# DATA LISTING

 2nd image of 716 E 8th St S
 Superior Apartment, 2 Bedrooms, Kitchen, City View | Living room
---
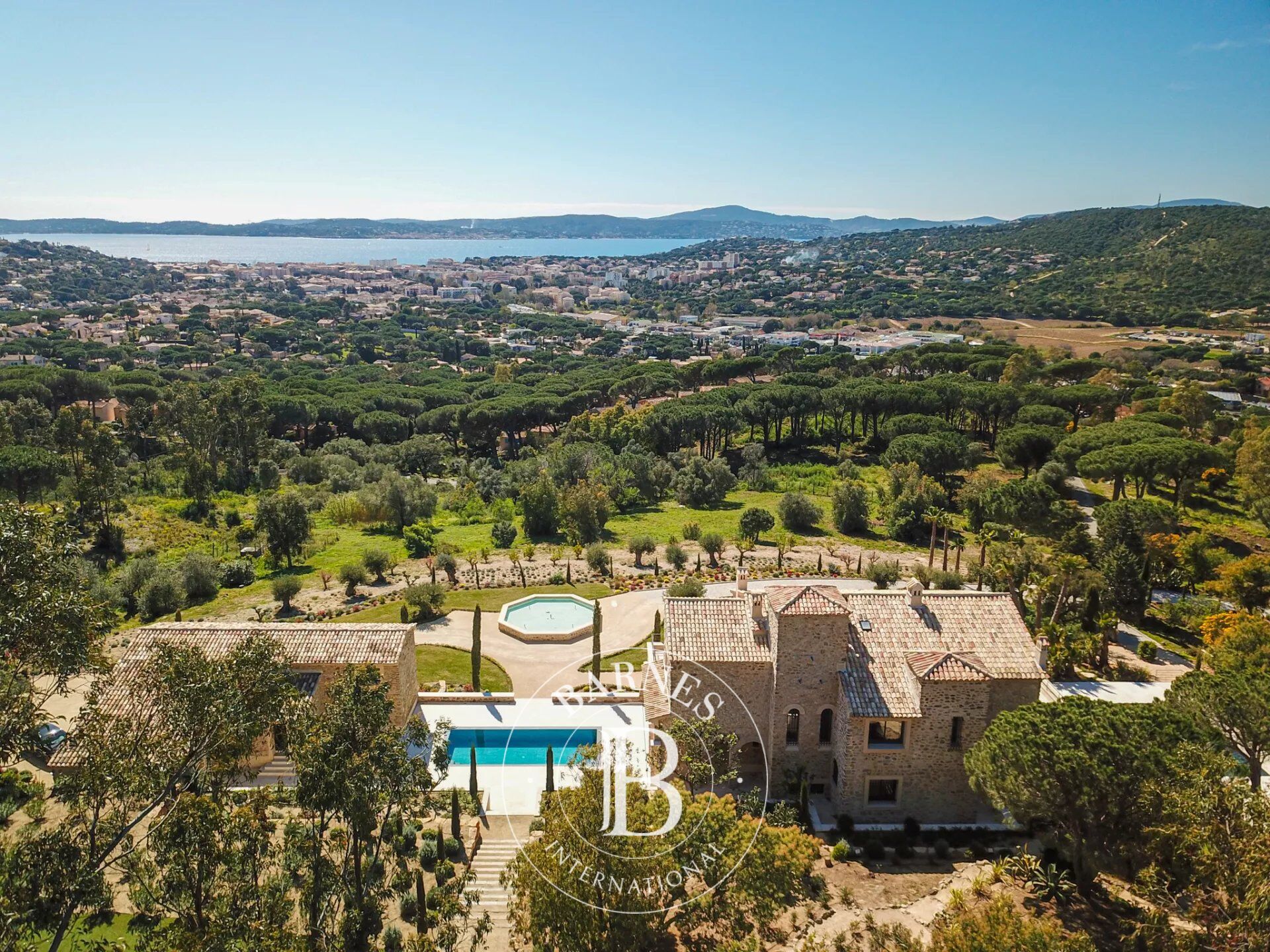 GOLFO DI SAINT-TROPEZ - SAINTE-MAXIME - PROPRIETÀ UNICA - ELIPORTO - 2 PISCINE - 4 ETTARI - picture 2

# REQUIRED WORK
Taking the entries above, restate exactly those lines that fall between the line with "2nd image of 716 E 8th St S" and the line with "Superior Apartment, 2", keeping both of those lines too.

# EXERCISE SOLUTION
 2nd image of 716 E 8th St S
 Superior Apartment, 2 Bedrooms, Kitchen, City View | Living room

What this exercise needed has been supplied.